- Zone 1. AR – Active Recovery. Less than 56% of FTP.
- Zone 2. E – Endurance. 56-75% of FTP. Used for aerobic endurance training. The intensity at which an Ironman Triathlon is typically raced.
- Zone 3. TE – Tempo. 76-90% of FTP. A moderately hard effort. Equivalent to half iron racing intensity and also to riding in a fast moving pack in a road race.
- Zone 4. TH – Threshold. 91-105% of FTP. A hard effort sustainable for roughly an hour. At 100% of FTP you are riding at CP60 – the critical power you could maintain for 60 minutes. This is the intensity at which you begin to redline.
- Zone 5. VM – VO2max. 106-120% of FTP. The upper end of this zone is sustainable for about 6 minutes depending on how anaerobically fit you are. This intensity often determines the outcomes of bike road races on hills, when there are breakaways, and in cross winds.

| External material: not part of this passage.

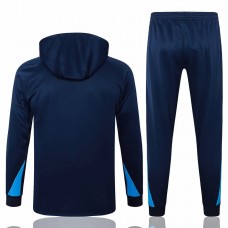 Chelsea Mens Navy Training Hooded Technical Football Tracksuit 24-25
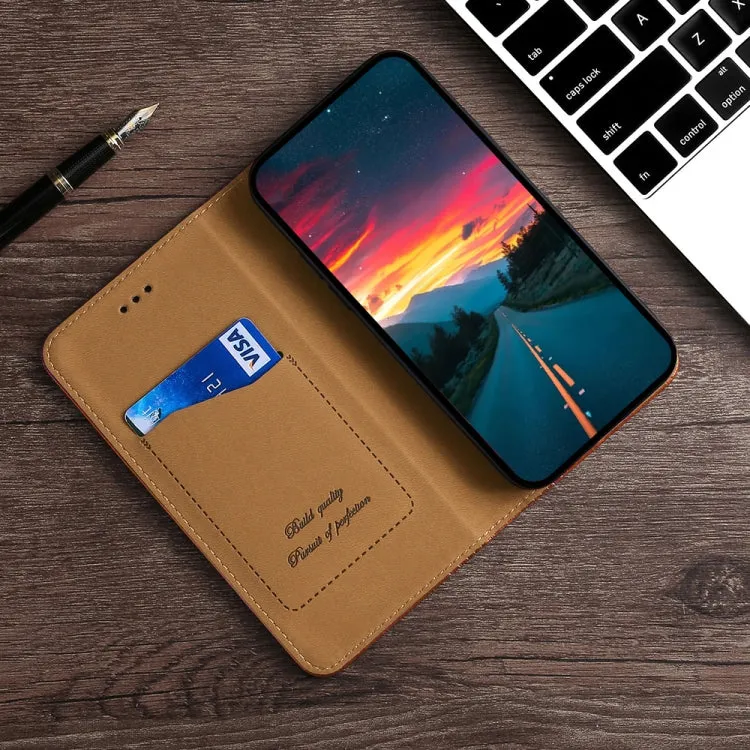 For Xiaomi Mi 11 Grid Texture Magnetic PU   TPU Horizontal Flip Leather Case with Holder  Card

- Zone 6. AC – Anaerobic Capacity. Greater than 120% of FTP. Again, this intensity is common in road racing, but is never a factor in non-drafting triathlons.
Zone 1: <107
Zone 2: 108 - 144
Zone 3: 145 - 173
Zone 4: 174 - 202
Zone 5: 203 - 230
Zone 6: 231+
Now I have to do a little planning and come up with a detailed training plan. Right now, I'm in the base training phase where the majority of the rides are spent in zones 1 and 2. Based on memory, I'd say most of my rides lately have correctly fallen into zone 2. I don't think I could bike for 2-3 hours at zone 1 unless it was a recovery day.